|ZHU, QIAN - Virginia Tech
|ESCAMILLA, DIANA - Purdue University
|WU, XINGBO - Virginia Tech
|LI, SONG - Virginia Tech
|ROSSO, LUCIANA - Virginia Tech
|LORD, NILANKA - Virginia Tech
|XIE, FUTI - Shenyang Agricultural University
|ZHANG, BO - Virginia Tech
Submitted to: Theoretical and Applied Genetics
Publication Type: Peer Reviewed Journal
Publication Acceptance Date: 8/3/2020
Publication Date: 8/26/2020
Citation: Zhu, Q., Escamilla, D.M., Wu, X., Song, Q., Li, S., Rosso, L., Lord, N., Xie, F., Zhang, B. 2020. Identification and validation of major QTLs associated with low seed coat deficiency of natto soybean seeds (Glycine max L.). Theoretical and Applied Genetics. 133(1):3165-3176. https://doi.org/10.1007/s00122-020-03662-5.

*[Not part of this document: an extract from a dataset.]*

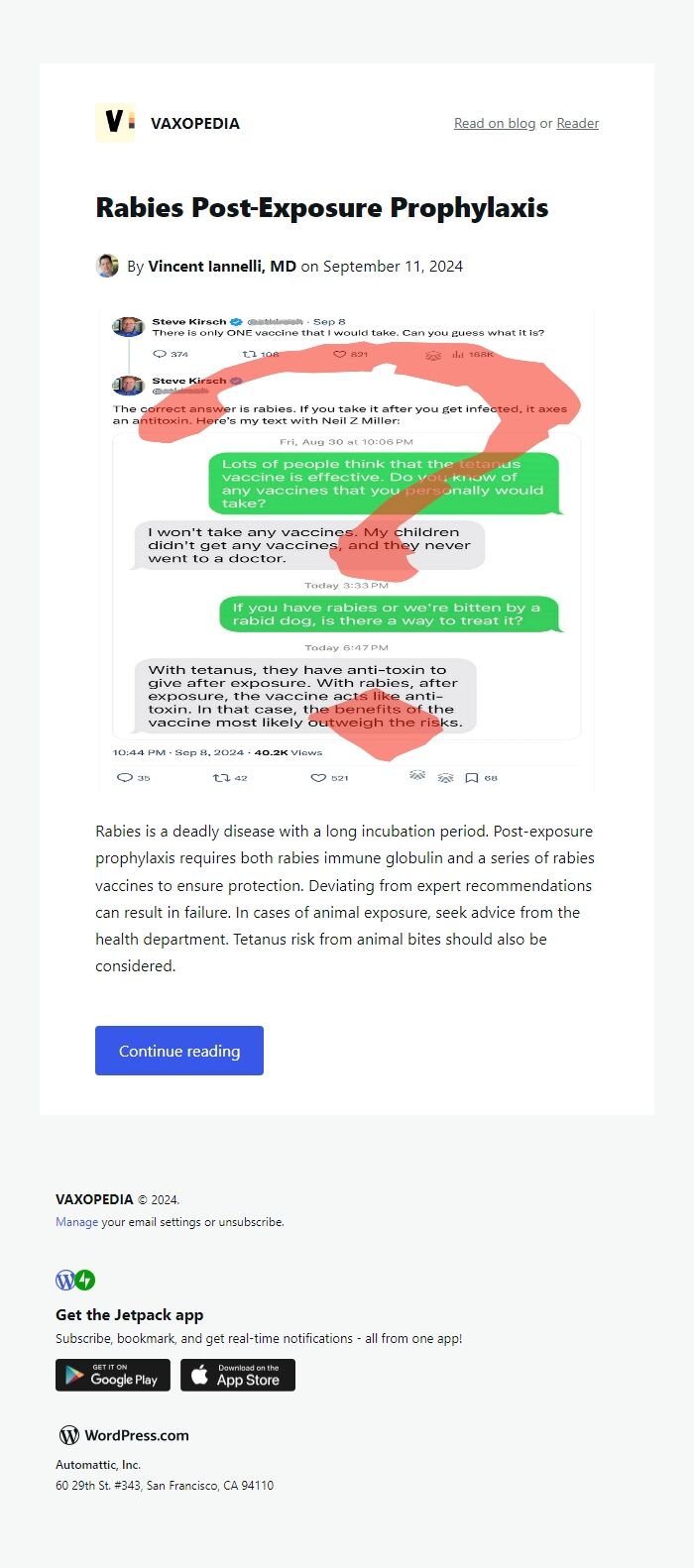 Screenshot of the email generated on import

Interpretive Summary: Natto is a traditional Japanese fermented soyfood well known for its unique flavor and stickiness. The U.S. has been the largest soybean exporter to Japan for natto production since the early 1990s. The high demand of natto consumption in Japan not only results in a great international soybean market, but also requires U.S. growers to provide high quality food-grade soybean to meet manufacturing requirements. Although small seed size, round shape and yellow coat color are preferred for natto production, a low cracking ratio during processing is most important to manufacturers because cracked seeds will affect natto appearance and clog production lines. Hence, breeding soybean varieties with low seed coat deficiency (SCD) is desirable. In this study, we detected two gene regions that were associated with SCD in soybean. We also developed three markers to tag the gene regions and demonstrated that the markers had a high selection efficiency of low SCD during breeding. The results described in this study will be useful for soybean breeders and food scientists to produce high quality natto soybeans with genetically superior process quality to meet consumer and manufacturer needs.

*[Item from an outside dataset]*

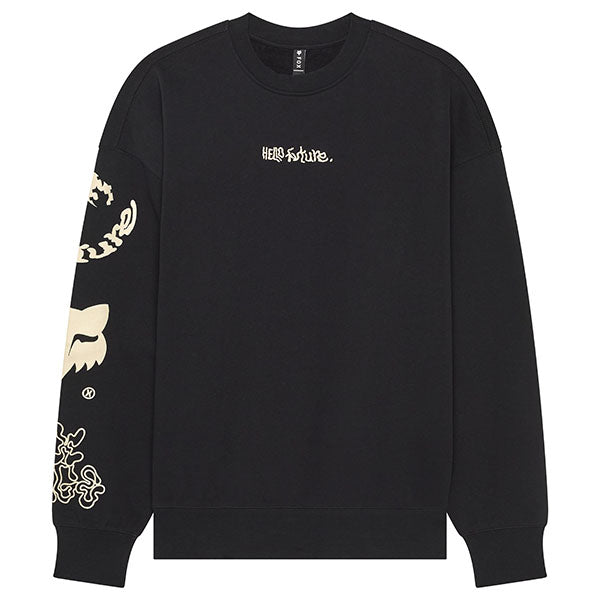Front view of Fox Racing Hello Future Oversized Crew Pullover in Black, SKU 33379-001, featuring puff ink graphics and relaxed fit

Technical Abstract: Soybean seed coat deficiency (SCD), known as seed coat cracking during soaking in the natto production process, is problematic because split or broken beans clog production lines and increases production costs. Development of natto soybean cultivars with low SCD is crucial to support the growth of the natto industry. Unfortunately, information on the genetic control of SCD in soybean, which is desperately needed to facilitate breeding selection, remains sparse. In this study, two F2 populations derived from V11-0883 × V12-1626 (Pop 1) and V11-0883 × V12-1885 (Pop 2) were developed and genotyped with BARCSoySNP6K Beadchips and F2-derived lines were evaluated for SCD in three consecutive years (2016-2018) in order to identify quantitative trait loci (QTLs) associated with low SCD in soybean. A total of 17 QTLs underlying SCD were identified in two populations. Among these, two major and stable QTLs, qSCD15 on chromosome 15 and qSCD20 on chromosome 20, were detected across multiple years. These QTLs explained up to 30.3% of the phenotypic variation for SCD in Pop 1 and 6.1% in Pop 2 across years. Three SNP markers associated with the qSCD20 were validated in additional four bi-parental populations. The average selection efficiency of low SCD soybean was 77% based on two tightly linked markers, Gm20_34626867 and Gm20_34942502, and 64% based on the marker Gm20_35625615. The novel and stable QTLs identified in this study will facilitate elucidation of the genetic mechanism controlling SCD in soybean, and the markers will significantly accelerate breeding for low SCD soybean through marker-assisted selection.